A joint Electromagnetic Torsional Actuator for low-frequency chatter suppression in robotic milling

Abstract

The demand for robotic milling with higher efficiency has grown significantly across industries. However, the low-frequency chatter caused by the insufficient dynamic stiffness of the robot body structure remains a critical challenge. Existing vibration suppression devices mounted on the robot’s end effector are prone to kinematic interference, affecting the robot’s flexibility. The delays between motor command and execution limit the bandwidth of the vibration suppression method based on joint motor control. This paper introduces a joint-mounted Electromagnetic Torsional Actuator (ETA) designed to actively apply torque on robotic joints, effectively improving the dynamic stiffness of the robot body structure.

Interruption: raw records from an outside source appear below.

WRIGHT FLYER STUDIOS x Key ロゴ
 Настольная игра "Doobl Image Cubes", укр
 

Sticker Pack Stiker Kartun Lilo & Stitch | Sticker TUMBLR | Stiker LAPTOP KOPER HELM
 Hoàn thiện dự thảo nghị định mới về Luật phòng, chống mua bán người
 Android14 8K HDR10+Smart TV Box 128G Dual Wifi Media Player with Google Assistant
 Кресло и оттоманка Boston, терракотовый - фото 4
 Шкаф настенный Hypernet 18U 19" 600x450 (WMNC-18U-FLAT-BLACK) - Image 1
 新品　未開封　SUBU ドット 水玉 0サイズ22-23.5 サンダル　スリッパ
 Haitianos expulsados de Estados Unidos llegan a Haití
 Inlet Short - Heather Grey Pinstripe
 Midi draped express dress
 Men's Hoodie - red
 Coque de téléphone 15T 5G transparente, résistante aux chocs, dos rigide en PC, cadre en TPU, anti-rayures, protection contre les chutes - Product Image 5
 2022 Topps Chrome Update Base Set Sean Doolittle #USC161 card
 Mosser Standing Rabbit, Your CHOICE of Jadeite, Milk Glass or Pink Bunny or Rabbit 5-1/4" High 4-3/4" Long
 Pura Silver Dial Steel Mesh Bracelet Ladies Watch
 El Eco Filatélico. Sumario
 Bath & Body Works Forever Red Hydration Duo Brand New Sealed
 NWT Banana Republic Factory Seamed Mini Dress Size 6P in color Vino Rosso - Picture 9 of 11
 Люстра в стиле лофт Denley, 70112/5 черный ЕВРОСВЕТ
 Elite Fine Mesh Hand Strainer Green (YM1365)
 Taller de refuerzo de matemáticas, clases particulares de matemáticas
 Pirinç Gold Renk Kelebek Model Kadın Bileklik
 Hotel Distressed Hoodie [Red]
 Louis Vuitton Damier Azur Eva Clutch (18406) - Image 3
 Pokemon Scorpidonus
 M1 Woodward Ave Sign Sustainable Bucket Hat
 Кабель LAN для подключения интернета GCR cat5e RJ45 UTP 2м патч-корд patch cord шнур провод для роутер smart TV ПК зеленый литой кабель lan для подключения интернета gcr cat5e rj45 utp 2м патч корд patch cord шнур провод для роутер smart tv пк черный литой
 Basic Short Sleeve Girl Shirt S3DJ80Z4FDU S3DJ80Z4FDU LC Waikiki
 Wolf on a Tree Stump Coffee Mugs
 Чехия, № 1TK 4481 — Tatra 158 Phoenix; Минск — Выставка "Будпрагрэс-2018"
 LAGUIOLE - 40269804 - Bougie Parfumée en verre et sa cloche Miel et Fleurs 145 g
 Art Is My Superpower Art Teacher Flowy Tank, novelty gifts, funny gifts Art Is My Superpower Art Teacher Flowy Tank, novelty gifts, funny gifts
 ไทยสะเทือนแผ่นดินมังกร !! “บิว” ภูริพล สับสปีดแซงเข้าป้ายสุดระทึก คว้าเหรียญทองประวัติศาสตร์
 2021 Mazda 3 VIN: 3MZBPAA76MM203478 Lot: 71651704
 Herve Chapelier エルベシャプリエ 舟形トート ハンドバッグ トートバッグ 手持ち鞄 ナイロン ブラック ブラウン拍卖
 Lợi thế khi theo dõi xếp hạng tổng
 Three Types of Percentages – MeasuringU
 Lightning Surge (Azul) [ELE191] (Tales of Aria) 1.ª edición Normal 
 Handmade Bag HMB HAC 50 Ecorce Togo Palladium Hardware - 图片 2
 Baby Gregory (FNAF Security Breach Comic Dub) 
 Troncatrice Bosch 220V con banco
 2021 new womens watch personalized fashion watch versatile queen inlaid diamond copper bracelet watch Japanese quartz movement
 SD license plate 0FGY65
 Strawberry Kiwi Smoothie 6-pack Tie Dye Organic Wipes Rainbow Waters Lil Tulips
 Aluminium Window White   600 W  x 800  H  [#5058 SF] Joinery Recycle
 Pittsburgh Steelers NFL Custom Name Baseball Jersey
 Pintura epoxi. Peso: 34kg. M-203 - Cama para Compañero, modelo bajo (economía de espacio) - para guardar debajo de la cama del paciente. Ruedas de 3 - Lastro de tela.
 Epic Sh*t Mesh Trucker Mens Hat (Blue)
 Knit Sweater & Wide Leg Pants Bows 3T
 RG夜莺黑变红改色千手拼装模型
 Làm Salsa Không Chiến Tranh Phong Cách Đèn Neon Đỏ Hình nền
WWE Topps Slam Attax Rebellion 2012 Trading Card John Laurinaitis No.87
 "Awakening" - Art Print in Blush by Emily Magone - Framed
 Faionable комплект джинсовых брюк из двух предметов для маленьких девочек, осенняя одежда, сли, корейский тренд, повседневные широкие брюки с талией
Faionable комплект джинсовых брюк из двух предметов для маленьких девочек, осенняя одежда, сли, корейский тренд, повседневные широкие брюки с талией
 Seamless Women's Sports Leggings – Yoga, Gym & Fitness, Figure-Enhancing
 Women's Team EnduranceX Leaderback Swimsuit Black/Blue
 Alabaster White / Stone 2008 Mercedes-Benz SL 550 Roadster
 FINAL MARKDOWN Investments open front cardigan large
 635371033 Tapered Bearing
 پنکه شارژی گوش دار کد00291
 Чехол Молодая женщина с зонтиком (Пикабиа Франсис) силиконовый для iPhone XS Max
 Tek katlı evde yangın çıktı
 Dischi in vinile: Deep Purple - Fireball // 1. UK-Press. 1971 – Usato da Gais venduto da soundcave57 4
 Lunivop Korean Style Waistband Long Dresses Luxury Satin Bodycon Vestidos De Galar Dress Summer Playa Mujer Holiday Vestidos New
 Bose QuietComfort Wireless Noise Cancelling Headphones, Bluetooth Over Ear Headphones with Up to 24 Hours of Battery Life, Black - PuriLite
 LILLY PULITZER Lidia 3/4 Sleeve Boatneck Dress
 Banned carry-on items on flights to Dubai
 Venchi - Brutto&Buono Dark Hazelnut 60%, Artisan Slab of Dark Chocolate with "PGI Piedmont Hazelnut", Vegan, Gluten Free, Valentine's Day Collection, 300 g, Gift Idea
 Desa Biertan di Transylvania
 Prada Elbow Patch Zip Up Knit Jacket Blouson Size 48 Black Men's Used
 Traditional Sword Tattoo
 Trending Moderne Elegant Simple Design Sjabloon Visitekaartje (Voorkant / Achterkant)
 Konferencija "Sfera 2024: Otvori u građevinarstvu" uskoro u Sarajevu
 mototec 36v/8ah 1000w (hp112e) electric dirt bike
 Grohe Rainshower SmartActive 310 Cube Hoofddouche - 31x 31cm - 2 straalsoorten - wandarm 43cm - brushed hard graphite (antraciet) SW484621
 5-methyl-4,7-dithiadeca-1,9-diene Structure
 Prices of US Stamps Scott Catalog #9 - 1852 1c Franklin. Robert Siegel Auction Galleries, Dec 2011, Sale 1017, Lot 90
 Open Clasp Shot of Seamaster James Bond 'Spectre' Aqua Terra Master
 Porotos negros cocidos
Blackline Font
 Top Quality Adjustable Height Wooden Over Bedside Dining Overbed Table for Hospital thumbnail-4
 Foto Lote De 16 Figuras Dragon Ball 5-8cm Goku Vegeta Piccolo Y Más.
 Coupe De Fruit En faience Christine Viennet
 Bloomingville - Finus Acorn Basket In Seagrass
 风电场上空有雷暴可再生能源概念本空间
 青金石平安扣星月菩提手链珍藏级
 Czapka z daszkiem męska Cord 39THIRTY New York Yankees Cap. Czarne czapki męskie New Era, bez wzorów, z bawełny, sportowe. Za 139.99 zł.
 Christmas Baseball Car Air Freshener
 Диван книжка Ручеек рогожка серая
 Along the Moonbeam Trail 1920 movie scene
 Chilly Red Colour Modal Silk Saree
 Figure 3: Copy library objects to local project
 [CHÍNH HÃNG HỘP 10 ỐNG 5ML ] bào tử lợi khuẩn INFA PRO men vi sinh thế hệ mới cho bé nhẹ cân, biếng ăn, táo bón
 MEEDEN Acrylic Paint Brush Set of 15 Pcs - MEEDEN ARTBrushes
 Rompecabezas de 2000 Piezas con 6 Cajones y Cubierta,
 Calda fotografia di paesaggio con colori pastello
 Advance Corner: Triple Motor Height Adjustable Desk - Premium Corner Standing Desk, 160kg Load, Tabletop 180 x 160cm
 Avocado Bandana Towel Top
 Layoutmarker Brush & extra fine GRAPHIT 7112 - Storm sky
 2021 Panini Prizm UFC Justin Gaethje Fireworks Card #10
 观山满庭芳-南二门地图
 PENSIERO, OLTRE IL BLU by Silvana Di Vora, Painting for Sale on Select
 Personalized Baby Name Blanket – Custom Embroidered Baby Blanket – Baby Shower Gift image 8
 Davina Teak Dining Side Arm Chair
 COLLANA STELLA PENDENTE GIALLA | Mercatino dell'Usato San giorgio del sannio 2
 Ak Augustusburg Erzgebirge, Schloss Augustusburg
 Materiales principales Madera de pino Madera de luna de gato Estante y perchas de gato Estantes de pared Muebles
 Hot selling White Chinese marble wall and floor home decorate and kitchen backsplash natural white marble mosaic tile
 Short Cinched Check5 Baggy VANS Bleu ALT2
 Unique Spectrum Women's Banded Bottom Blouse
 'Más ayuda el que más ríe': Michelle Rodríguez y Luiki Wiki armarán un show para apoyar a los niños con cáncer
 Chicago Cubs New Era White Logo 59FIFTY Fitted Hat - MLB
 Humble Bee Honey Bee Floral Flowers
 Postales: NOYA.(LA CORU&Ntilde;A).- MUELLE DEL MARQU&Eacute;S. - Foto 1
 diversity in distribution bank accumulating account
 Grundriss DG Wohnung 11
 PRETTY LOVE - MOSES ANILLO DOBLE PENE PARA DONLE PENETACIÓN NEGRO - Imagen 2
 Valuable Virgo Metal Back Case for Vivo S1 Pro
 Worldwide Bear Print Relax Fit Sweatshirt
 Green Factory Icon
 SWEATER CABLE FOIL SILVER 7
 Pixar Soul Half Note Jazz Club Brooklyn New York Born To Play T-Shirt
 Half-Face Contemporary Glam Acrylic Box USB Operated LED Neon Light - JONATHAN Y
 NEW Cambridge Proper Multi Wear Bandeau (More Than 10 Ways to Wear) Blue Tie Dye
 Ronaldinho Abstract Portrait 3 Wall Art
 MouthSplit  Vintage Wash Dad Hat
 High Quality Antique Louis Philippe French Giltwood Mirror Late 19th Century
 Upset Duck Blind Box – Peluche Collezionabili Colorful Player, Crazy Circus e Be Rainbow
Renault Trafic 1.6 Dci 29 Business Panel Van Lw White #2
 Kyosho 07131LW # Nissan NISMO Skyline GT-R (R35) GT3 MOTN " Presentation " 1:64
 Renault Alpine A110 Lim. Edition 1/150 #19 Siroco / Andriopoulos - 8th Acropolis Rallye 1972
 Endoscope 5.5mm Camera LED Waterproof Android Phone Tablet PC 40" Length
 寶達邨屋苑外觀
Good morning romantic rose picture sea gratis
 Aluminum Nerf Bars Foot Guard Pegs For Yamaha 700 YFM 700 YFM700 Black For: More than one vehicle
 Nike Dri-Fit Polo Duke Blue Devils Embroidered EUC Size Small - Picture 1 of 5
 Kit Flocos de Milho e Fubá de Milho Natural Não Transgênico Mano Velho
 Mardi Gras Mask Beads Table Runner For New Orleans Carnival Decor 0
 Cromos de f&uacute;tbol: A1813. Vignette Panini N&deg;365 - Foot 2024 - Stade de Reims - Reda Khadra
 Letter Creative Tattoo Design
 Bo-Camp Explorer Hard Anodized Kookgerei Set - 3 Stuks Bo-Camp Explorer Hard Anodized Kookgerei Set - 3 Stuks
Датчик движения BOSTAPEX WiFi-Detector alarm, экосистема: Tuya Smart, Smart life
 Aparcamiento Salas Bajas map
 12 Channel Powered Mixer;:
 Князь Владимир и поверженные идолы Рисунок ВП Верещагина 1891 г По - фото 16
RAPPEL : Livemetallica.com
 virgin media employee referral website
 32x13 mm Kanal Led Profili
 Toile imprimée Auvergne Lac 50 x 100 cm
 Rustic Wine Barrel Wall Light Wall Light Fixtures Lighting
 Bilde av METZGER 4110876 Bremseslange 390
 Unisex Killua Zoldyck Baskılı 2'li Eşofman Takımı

First, the performance requirements that the ETA should meet were analyzed, followed by the design of the ETA’s structure based on these demands. Next, an input current-to-output torque mapping model was established using alternating current winding theory and the principle of virtual work. Output torque performance tests were subsequently conducted, demonstrating that the actuator’s bandwidth approaches 100Hz along with the desired torque amplitude. Finally, three ETAs were installed on the joints of an ESTUN ER70B robot, and a proportional controller was designed for verification through modal hammer tests. Results demonstrate that the joint-mounted ETA enhances the dynamic stiffness of the robot body structure, achieving an average reduction of 40% in modal dynamic compliance across various directions, with reductions ranging from 22% to 61%, showing significant potential for suppressing low-frequency chatter and improving robotic milling efficiency.